• Your goal: Pictures stay out of the copy, and everything else in the data below is repeated exactly.
= = = =
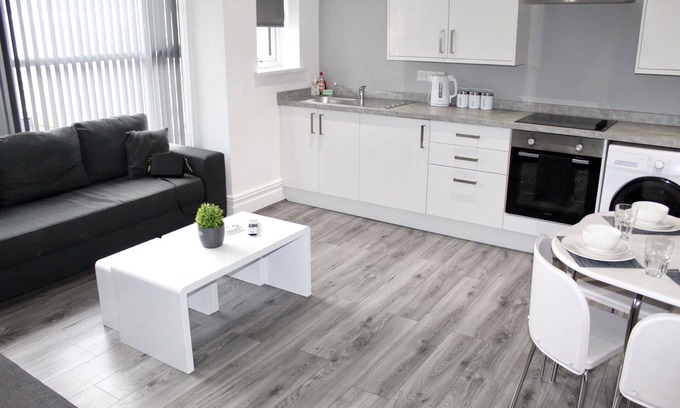 Blackpool Town Center Apartment | Boyd delux Apartment with spa bath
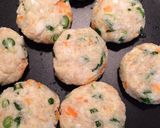 混ぜて焼くだけ♪ヘルシーおからつくね丼♡作り方2写真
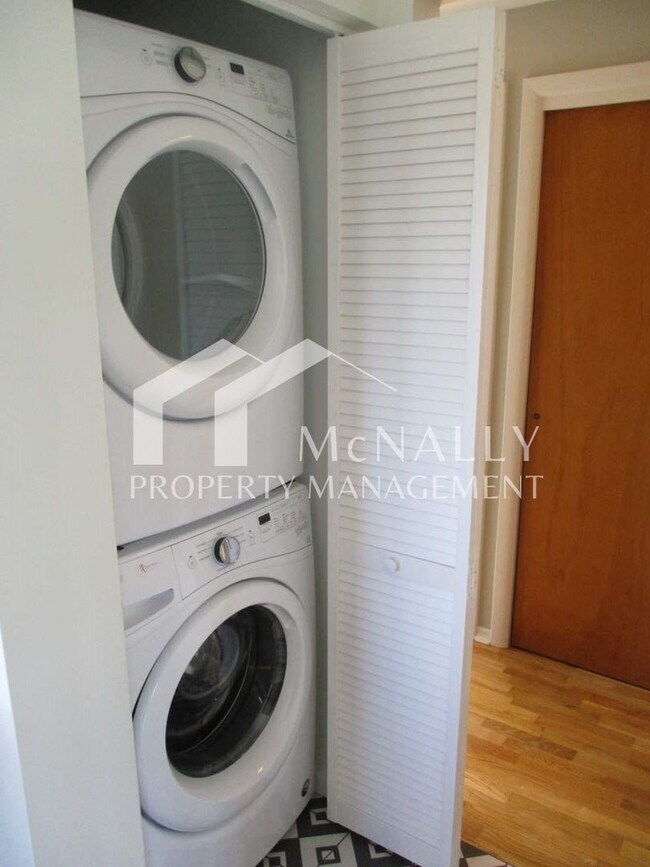 Building Photo - Gorgeous 3 Bedroom, 1 Bathroom Rambler near downtown Gig Harbor!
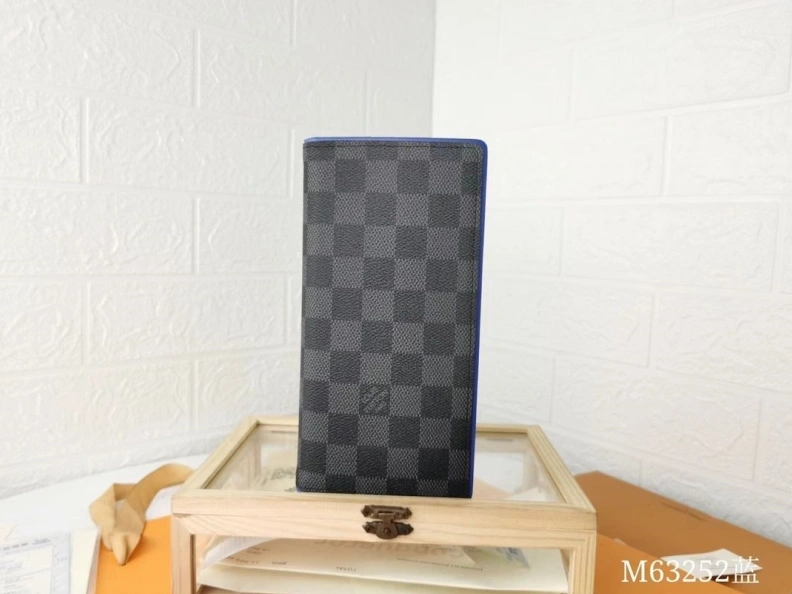 Functional LX Wallets 10150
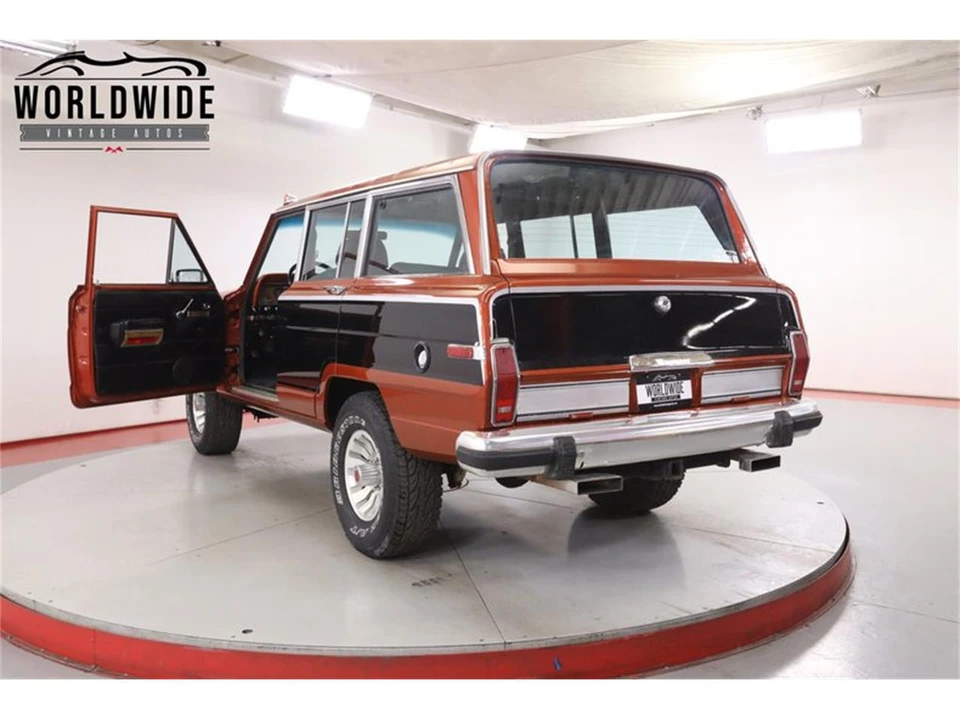 1985 Jeep SJ Grand Wagoneer - Image 25 of 31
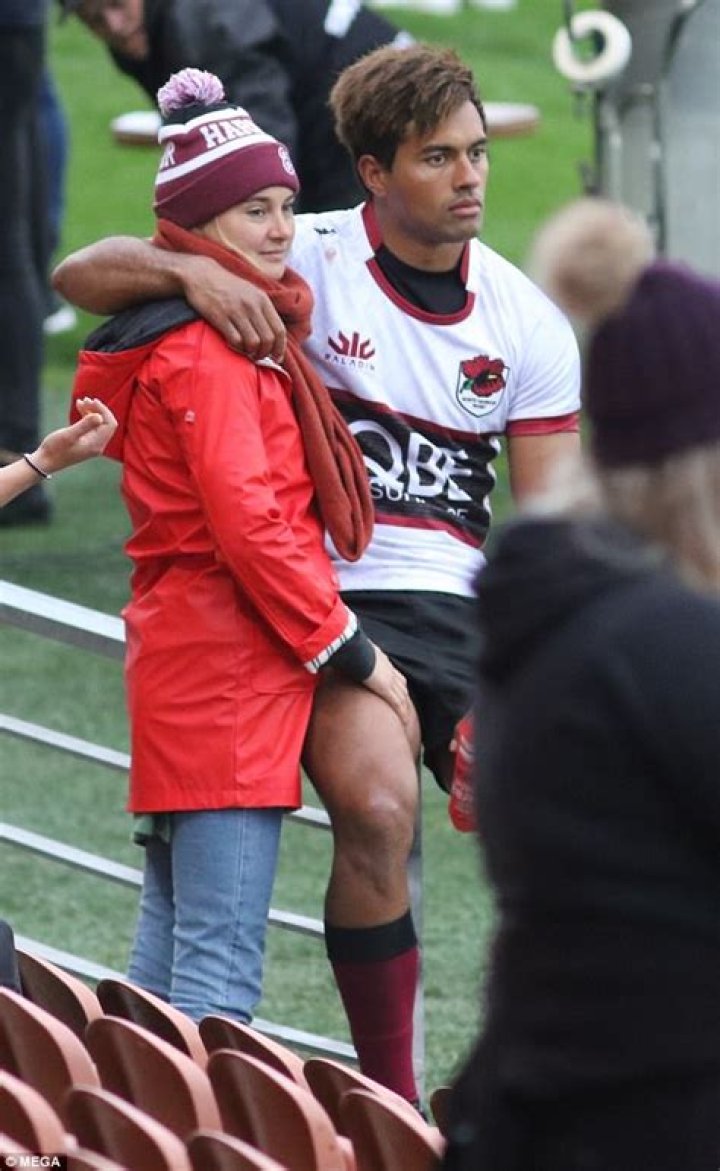 Shailene Woodley Ben Volavola Auckland rugby PDA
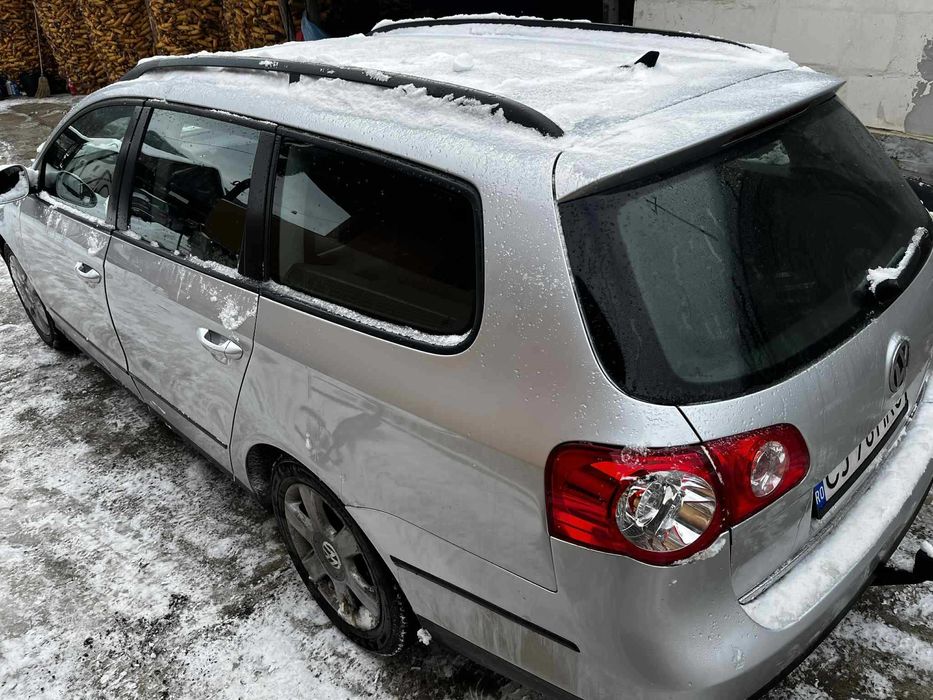 Vând Volkswagen Passat B6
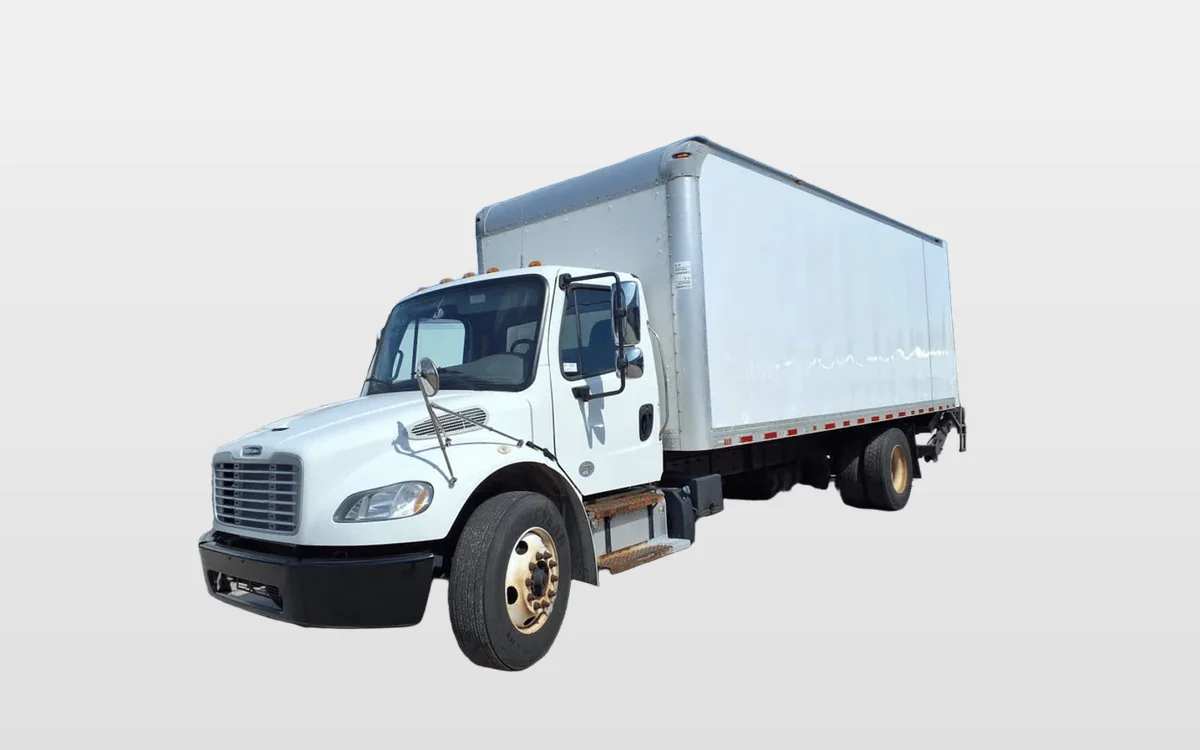 2019 Freightliner M2 106 - image 1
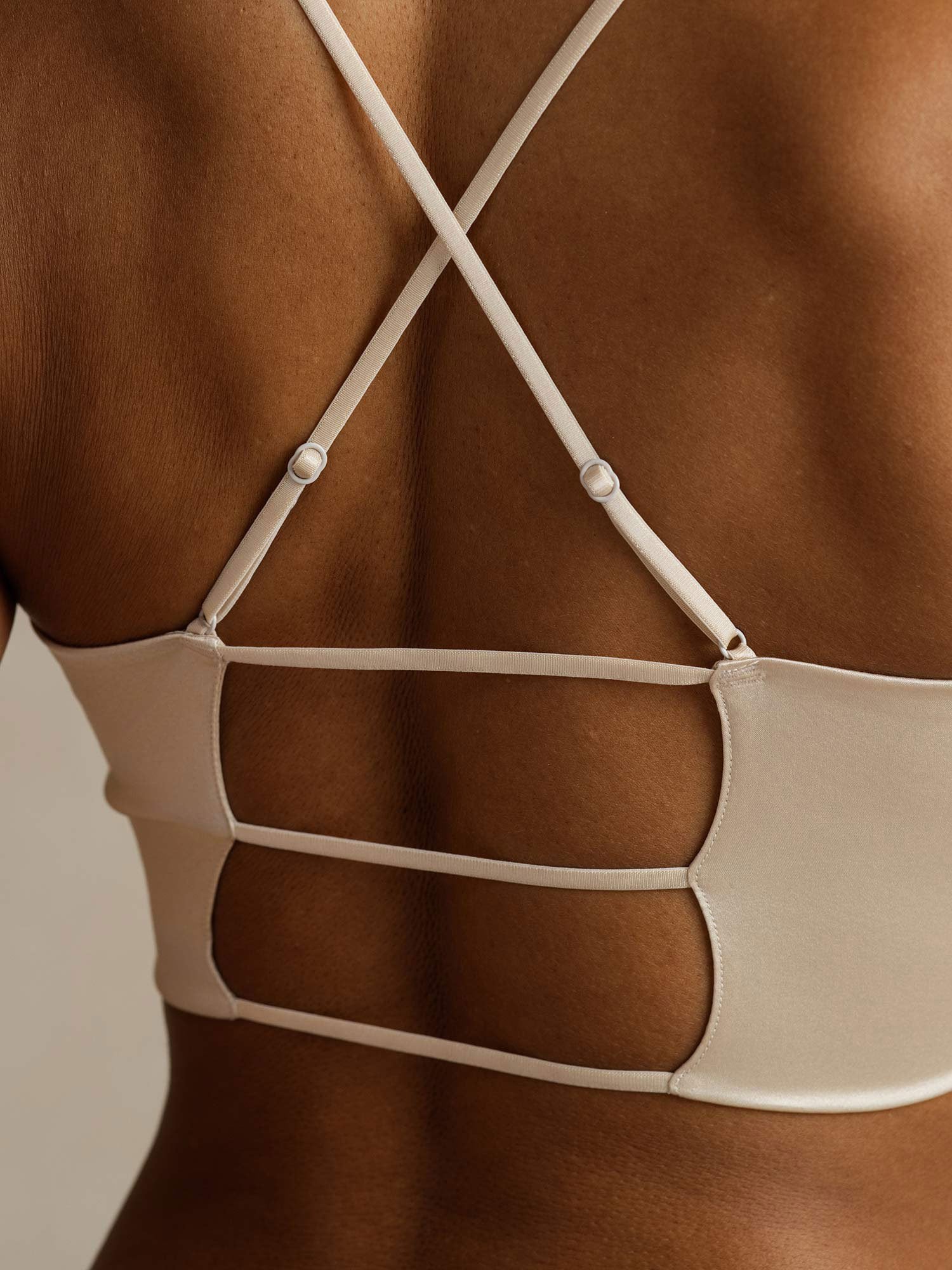 [Champagne] SilkSilky Pure Silk Bra 005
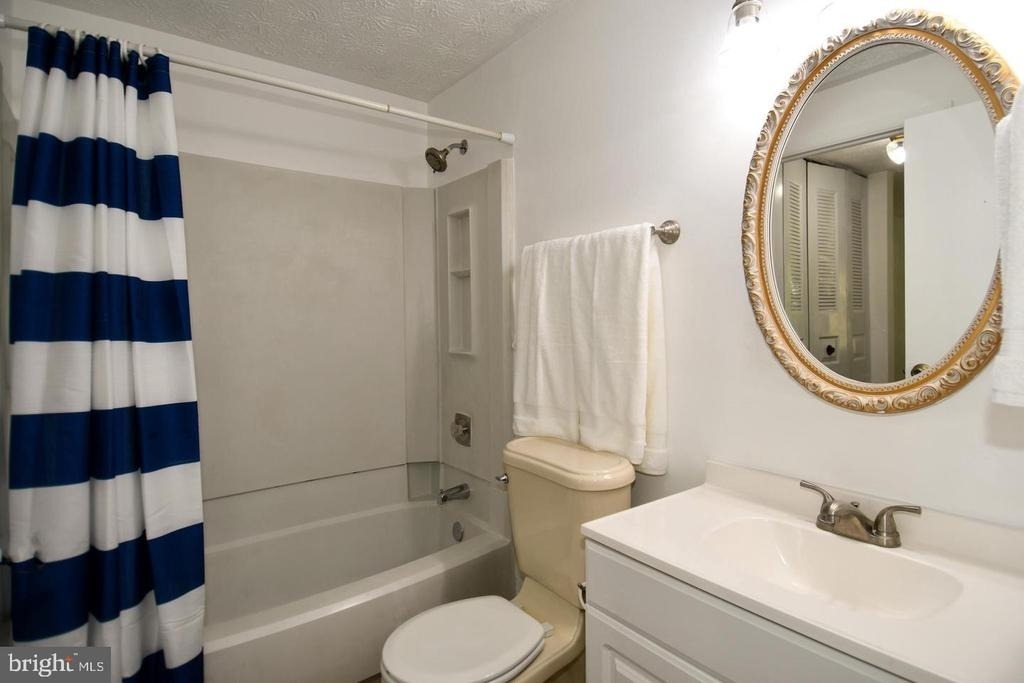 8335 Windfall Road - Photo 18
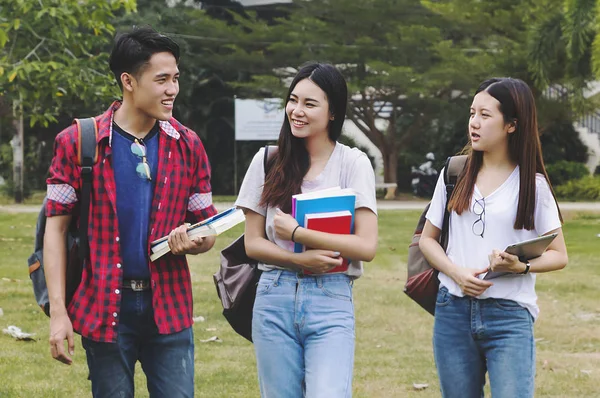 Asiatische Gruppenbildung Campus Freundschaft Und Menschen Konzeptgruppe Glücklicher Teenager Mit — Stockfoto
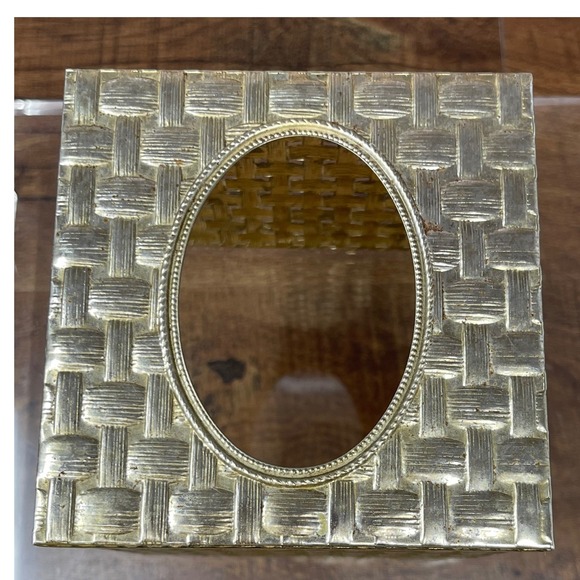 Vintage Brass Tone Woven Metal Tissue Box Cover Strawberry Floral - Picture 6 of 15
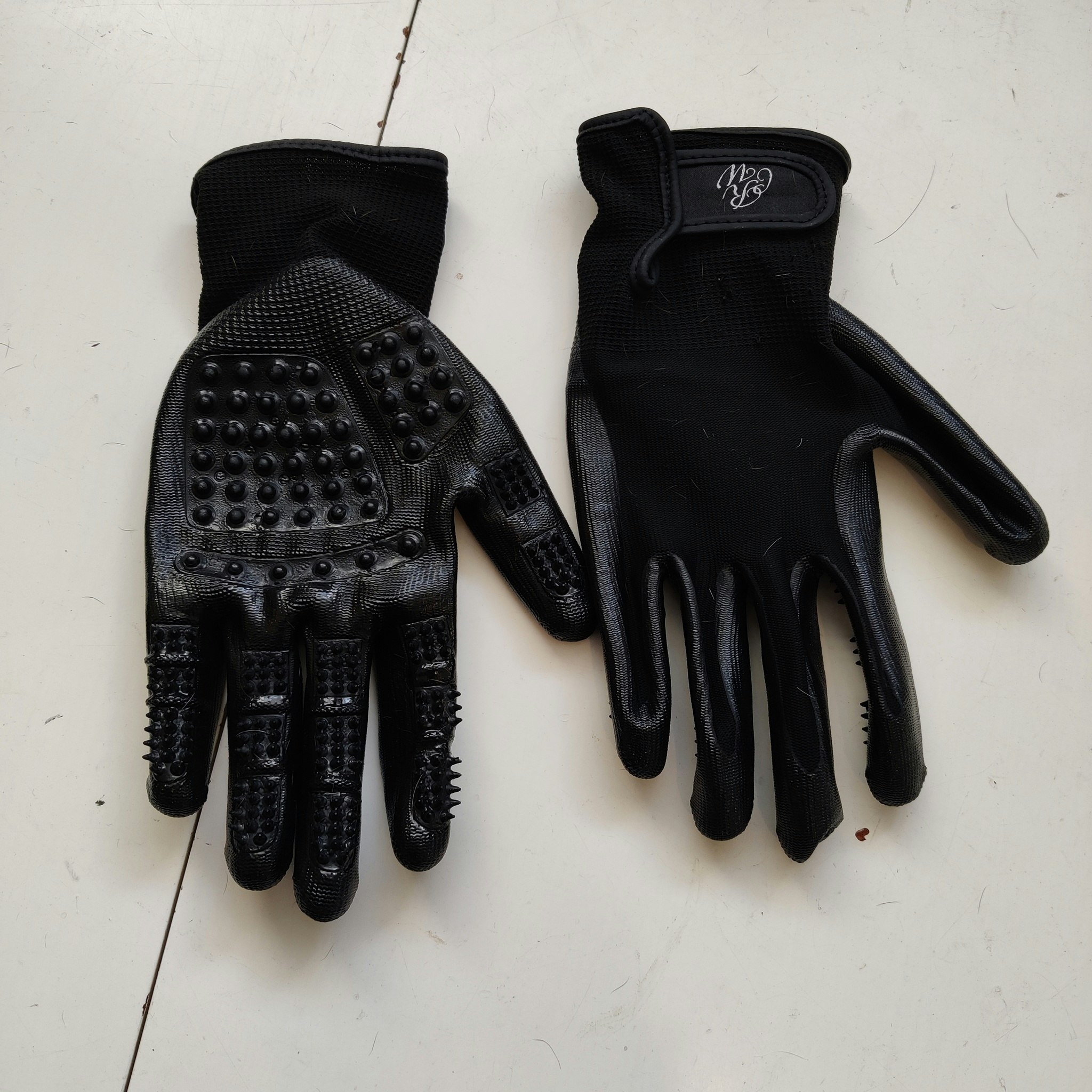 136.24 Massagehandskar CRW XL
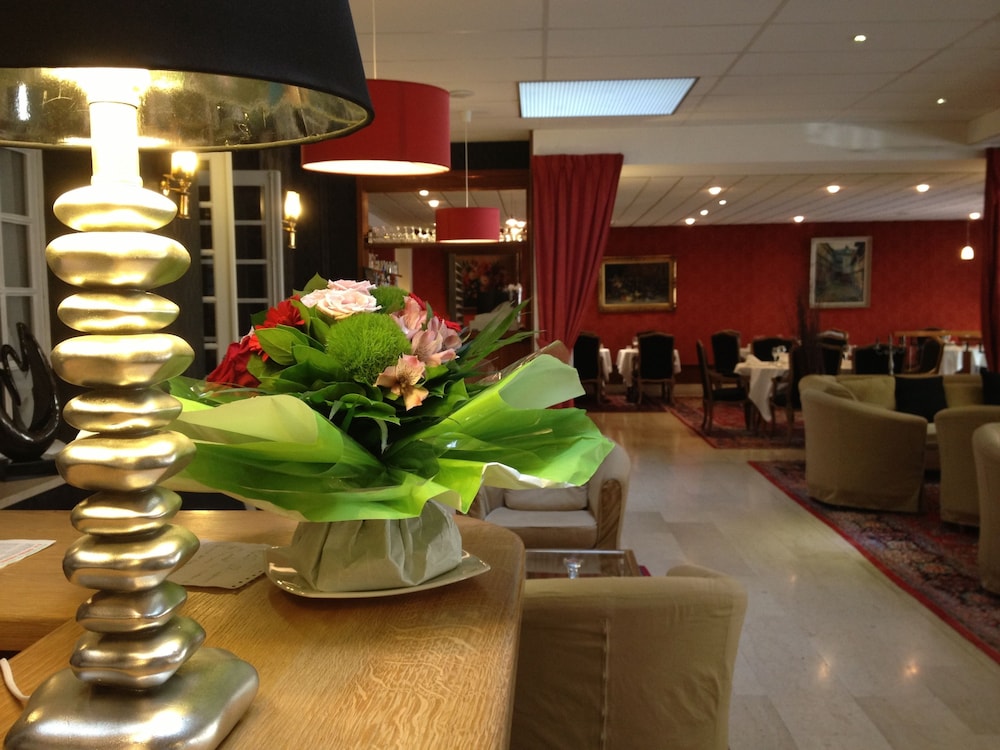 Le Grand Hotel de L Esperance 49/52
= = = =
• Result for this task:
 Blackpool Town Center Apartment | Boyd delux Apartment with spa bath
 混ぜて焼くだけ♪ヘルシーおからつくね丼♡作り方2写真
 Building Photo - Gorgeous 3 Bedroom, 1 Bathroom Rambler near downtown Gig Harbor!
 Functional LX Wallets 10150
 1985 Jeep SJ Grand Wagoneer - Image 25 of 31
 Shailene Woodley Ben Volavola Auckland rugby PDA
 Vând Volkswagen Passat B6
 2019 Freightliner M2 106 - image 1
 [Champagne] SilkSilky Pure Silk Bra 005
 8335 Windfall Road - Photo 18
 Asiatische Gruppenbildung Campus Freundschaft Und Menschen Konzeptgruppe Glücklicher Teenager Mit — Stockfoto
 Vintage Brass Tone Woven Metal Tissue Box Cover Strawberry Floral - Picture 6 of 15
 136.24 Massagehandskar CRW XL
 Le Grand Hotel de L Esperance 49/52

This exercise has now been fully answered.